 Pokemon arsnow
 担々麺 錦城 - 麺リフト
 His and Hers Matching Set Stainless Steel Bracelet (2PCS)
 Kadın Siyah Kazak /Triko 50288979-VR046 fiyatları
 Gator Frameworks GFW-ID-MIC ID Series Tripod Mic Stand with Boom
...
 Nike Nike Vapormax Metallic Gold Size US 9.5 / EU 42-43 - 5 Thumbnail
--
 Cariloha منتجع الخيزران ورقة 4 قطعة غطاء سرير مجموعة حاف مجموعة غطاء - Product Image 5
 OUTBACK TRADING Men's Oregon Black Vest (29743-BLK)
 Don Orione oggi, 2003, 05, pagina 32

» ASSIGNMENT: Give the exact lines, and only those, from the line containing "Pokemon arsnow" through the line containing "Gator Frameworks GFW-ID-MIC" in the entries above.

» YOUR SOLUTION:
 Pokemon arsnow
 担々麺 錦城 - 麺リフト
 His and Hers Matching Set Stainless Steel Bracelet (2PCS)
 Kadın Siyah Kazak /Triko 50288979-VR046 fiyatları
 Gator Frameworks GFW-ID-MIC ID Series Tripod Mic Stand with Boom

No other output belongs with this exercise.